Ich habe einen neuen PKW (Diesefahrzeug) teilweise finanziert, die Finanzierung wurde über das Autohaus vermittelt. Nach einigen Nachbesserungen wurde der Rücktritt vom Kaufvertag eingereicht.Das Fahrzeug ist 4 Monate alt.
Der Händler hat vom Hersteller die Empfehlung bekommen das Fahrzeug zurück zu nehmen. Der Händler würde das Fahrzeug auch zurücknehmen , möchte aber nicht auf den Kosten sitzenbleiben und droht mit einem Rechtsstreit.

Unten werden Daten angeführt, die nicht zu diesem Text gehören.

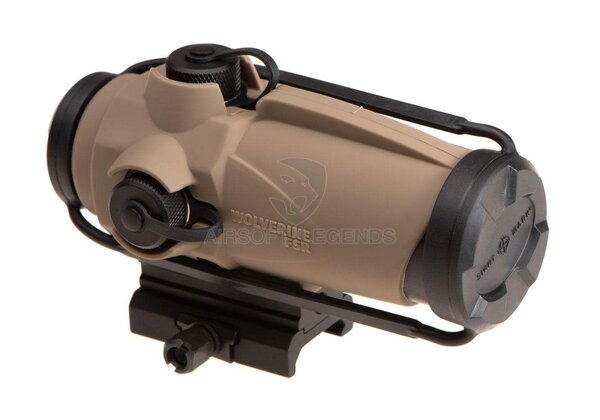 Sightmark Wolverine 1x28 FSR Red Dot Sight Dark Earth Sightmark Wolverine 1x28 FSR Red Dot Sight Dark Earth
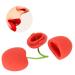 Lip Pump Device Silicone Portable Hot Cherry-Shaped Lip Plumping Enhancer Lip Enhancement Plumper Quick Device Beauty Tool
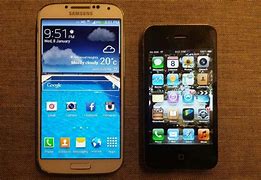 Image result for iPhone 4 vs Galaxy S4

Er erzählt mir etwas von Zinsen für den Kreditvertag, Kündigungsgebühren und Wertverlust durch die Zulassung.Dieser Wertverlust wäre mehr als die von mir angegebenen 0,67%/1000Km .. Da ich das Auto gefahren habe,müsste ich diese Gebühren selber tragen.Er müsste nicht meine Zinsen und Gebühren bezahlen. Stimmt das und wo steht das grundsätzlich geschrieben (auf welchen § kann ich mich berufen), oder gibt es auch Fälle , bei denen der Käufer diese anfallenden Zinsen und Gebühren bezahlen muss.Eigentlich möchte ich einem Rechtsstreit aus dem Weg gehen, was der Händler eigentlich auch will, aber ich sehe das irgendwie nicht ein, ich kann doch nichts für das schlechte Fahrzeug.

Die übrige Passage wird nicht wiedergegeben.